そこで、彼らがどういった方たちなのかを知る機会として本書を読んでみました。
本書を読んで
私が強く印象に残っていることは三つあります。
一つ目は、非行少年には5つ+1の特徴があると筆者は述べていたことです。以下がその特徴です。
- 認知機能の弱さ
- 感情統制の弱さ
- 融通の利かなさ
- 不適切な自己評価
- 対人スキルの乏しさ
- (+1)身体的不器用さ
これらの特徴を持つこと自体、彼らの責任ではないです。
しかし、こういった特徴により学校生活・社会生活になじめず、しんどい思いを非行少年たちはしていたことを知りました。 このことを大人たちに適切に理解してもらえず、状況が悪化して最終的には非行に走ってしまう子もいるようです。
二つ目は、著者が関わった性加害者の95%はいじめを受けていた、ということです。 いじめで受けたストレスを発散するために、このようなことをしてしまうそうです。
この本を読むまでは、
「性加害者はどれだけ他人のことを思いやれないのだろうか」
と考えていましたから、目からうろこでした。
いじめの被害者だから何をしてもいい訳はありません。 ですが、いじめが無ければ・気が付いていれば、性加害者になっていなかったのかもしれない、と感じました。
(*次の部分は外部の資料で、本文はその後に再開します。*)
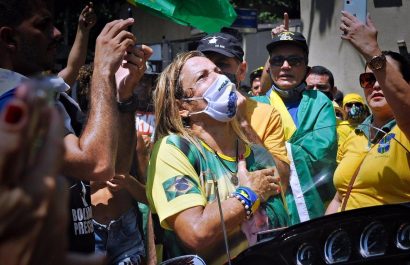 20210316070801_brasil-lamenta-ma-s-de-2-800-fallec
三つ目は、昔の基準における軽度知的障害の方は人口の15%ほどいると著者は指摘していたことです。
このことから、生きづらさを感じる人が思ったより多いことを気が付かされました。
また、学校生活で非行少年の特徴に類似した特徴をもつ
- すぐにカッとなる人
- これだ!と思ったら他の選択肢が見えなくなる人
- 「私なんて…」と自己評価が極端に低い人
- 人に助けを求めるのが苦手な人
- スポーツで言われた通りに体を動かせない人
が近くにいたという経験もありますし、自分自身も当てはまるものもあります。
本書からの学び
本書を読むまで「非行は素行の悪い子がすること」という一方的な思い込みしかありませんでしたが、彼らの多くには「生きづらい」と感じる様々な要因が絡んでいることを知りました。
そして、生きづらさを感じている人は非行少年に限らず、身の回りに意外と多いのではないか、とも感じました。
「何か変わった人。。。」ではなく、「もしかして?」と気遣う
といったように、さまざまな視点をもって接することが非行(良くない行動)を未然に防ぐために大切だと身に染みて感じました。